Using the data below, restate exactly every line from the one with "Photo of 11104" up to and including the one with "Chương trình biểu". No picture belongs in it.

# [The data]
Start of Block
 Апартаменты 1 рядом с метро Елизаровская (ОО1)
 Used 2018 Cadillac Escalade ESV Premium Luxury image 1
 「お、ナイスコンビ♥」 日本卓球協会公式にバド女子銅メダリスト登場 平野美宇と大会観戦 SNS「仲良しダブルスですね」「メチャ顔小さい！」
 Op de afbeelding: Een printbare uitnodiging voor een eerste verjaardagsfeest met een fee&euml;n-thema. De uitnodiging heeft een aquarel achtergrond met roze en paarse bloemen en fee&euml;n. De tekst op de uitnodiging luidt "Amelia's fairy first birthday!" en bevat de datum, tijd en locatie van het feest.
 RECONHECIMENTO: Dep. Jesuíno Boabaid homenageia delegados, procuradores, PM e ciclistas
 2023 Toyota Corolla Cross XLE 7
End of Block
Start of Block
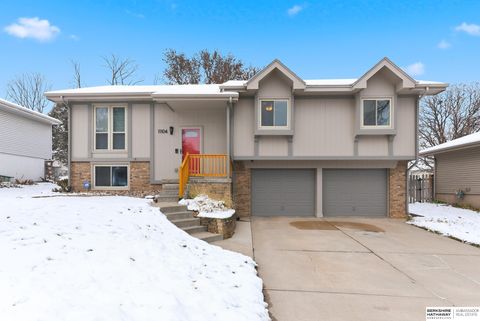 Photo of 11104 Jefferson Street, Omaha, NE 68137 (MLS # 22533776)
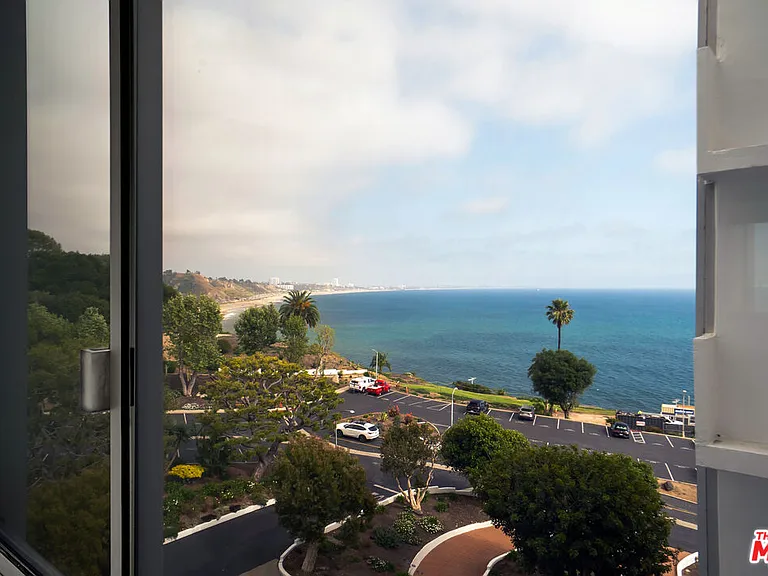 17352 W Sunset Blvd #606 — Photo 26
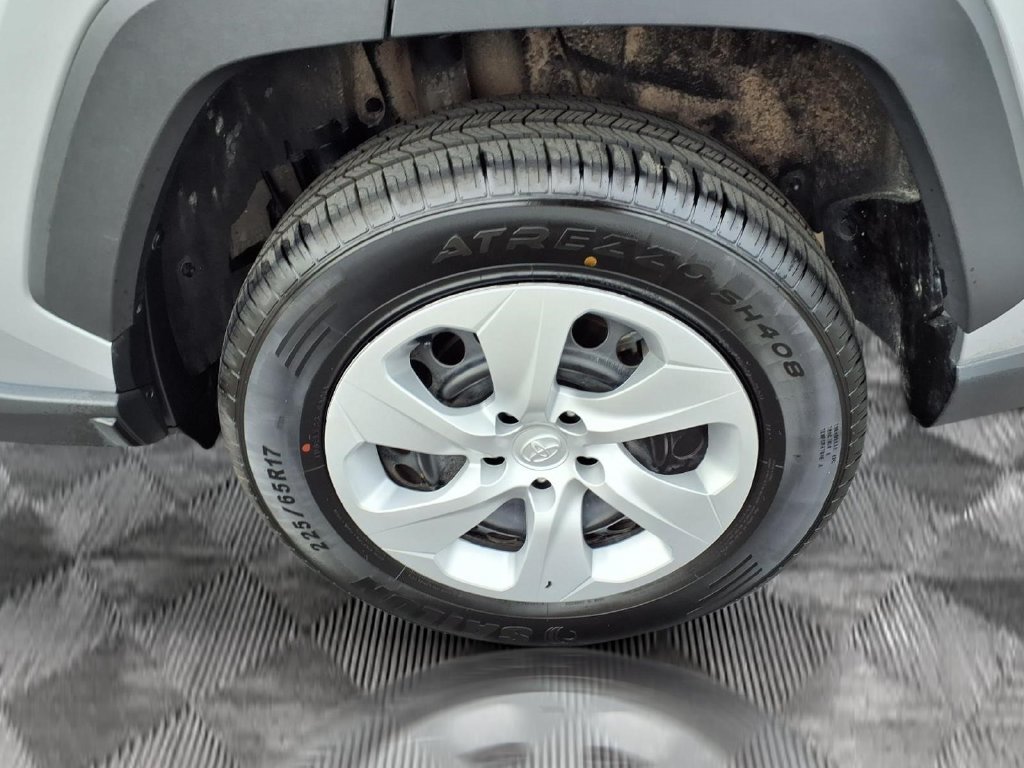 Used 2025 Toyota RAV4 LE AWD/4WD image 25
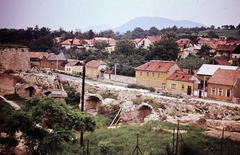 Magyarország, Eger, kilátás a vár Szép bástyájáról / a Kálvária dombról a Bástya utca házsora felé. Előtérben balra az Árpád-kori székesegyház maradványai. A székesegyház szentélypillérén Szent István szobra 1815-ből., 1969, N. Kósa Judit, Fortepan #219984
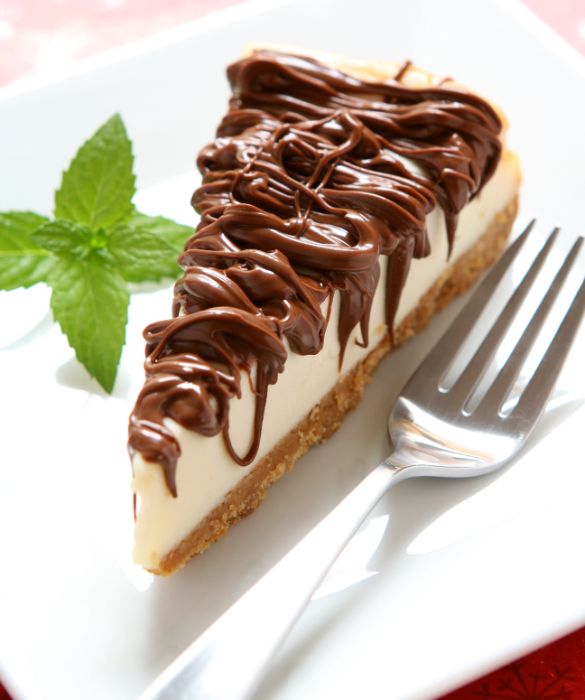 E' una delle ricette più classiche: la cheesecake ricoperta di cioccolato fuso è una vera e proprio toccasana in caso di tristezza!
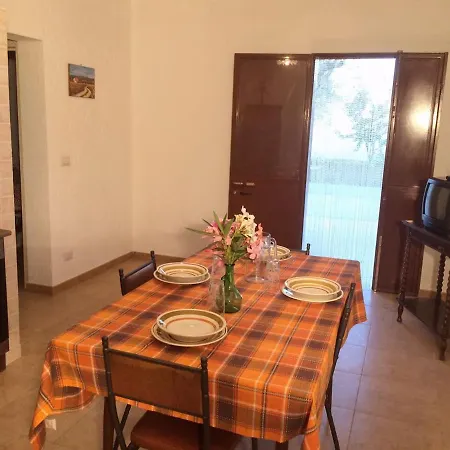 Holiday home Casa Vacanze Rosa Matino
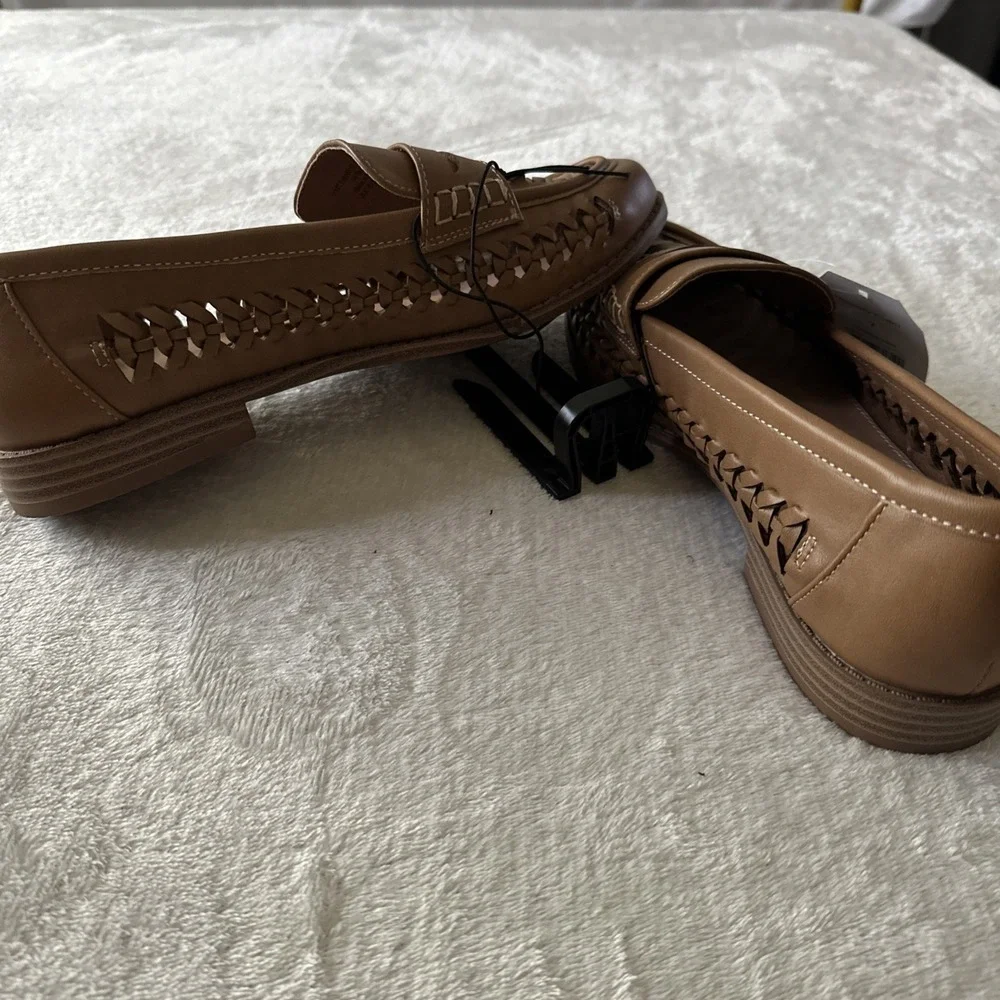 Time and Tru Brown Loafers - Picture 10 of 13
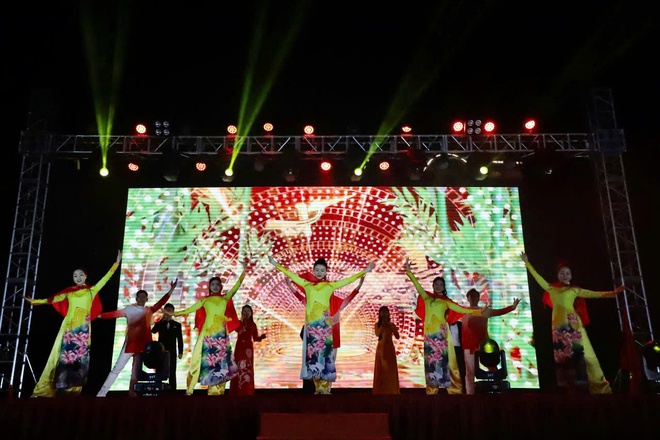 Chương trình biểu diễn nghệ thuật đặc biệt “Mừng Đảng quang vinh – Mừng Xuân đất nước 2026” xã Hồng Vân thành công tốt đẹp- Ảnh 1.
End of Block
Start of Block
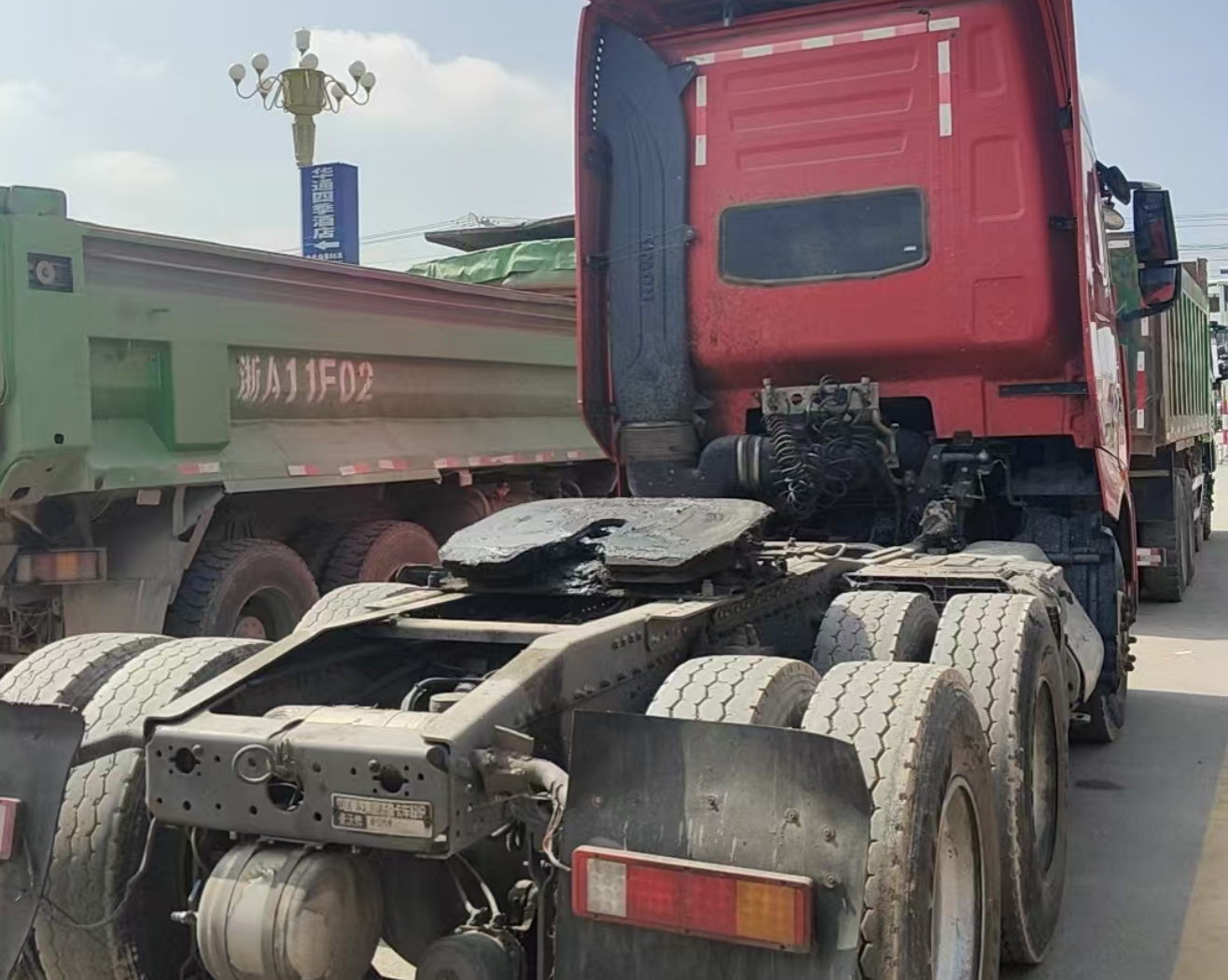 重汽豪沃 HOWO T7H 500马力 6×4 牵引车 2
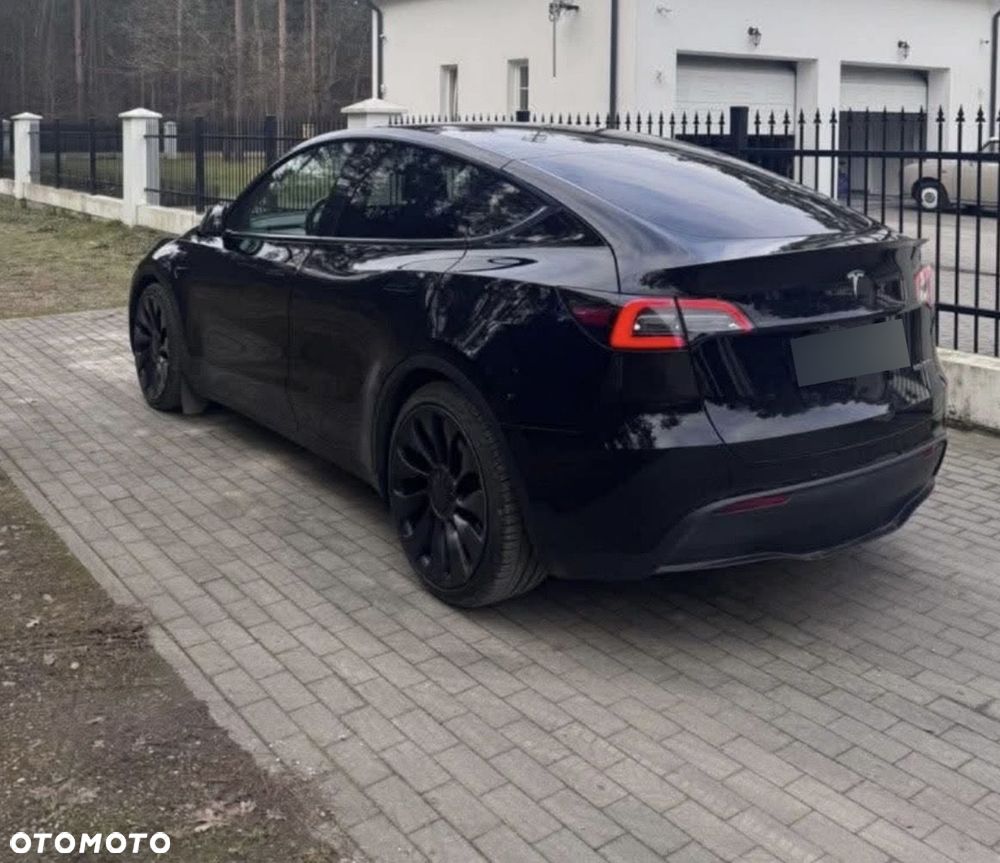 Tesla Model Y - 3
End of Block
# [Written reply]
 Photo of 11104 Jefferson Street, Omaha, NE 68137 (MLS # 22533776)
 17352 W Sunset Blvd #606 — Photo 26
 Used 2025 Toyota RAV4 LE AWD/4WD image 25
 Magyarország, Eger, kilátás a vár Szép bástyájáról / a Kálvária dombról a Bástya utca házsora felé. Előtérben balra az Árpád-kori székesegyház maradványai. A székesegyház szentélypillérén Szent István szobra 1815-ből., 1969, N. Kósa Judit, Fortepan #219984
 E' una delle ricette più classiche: la cheesecake ricoperta di cioccolato fuso è una vera e proprio toccasana in caso di tristezza!
 Holiday home Casa Vacanze Rosa Matino
 Time and Tru Brown Loafers - Picture 10 of 13
 Chương trình biểu diễn nghệ thuật đặc biệt “Mừng Đảng quang vinh – Mừng Xuân đất nước 2026” xã Hồng Vân thành công tốt đẹp- Ảnh 1.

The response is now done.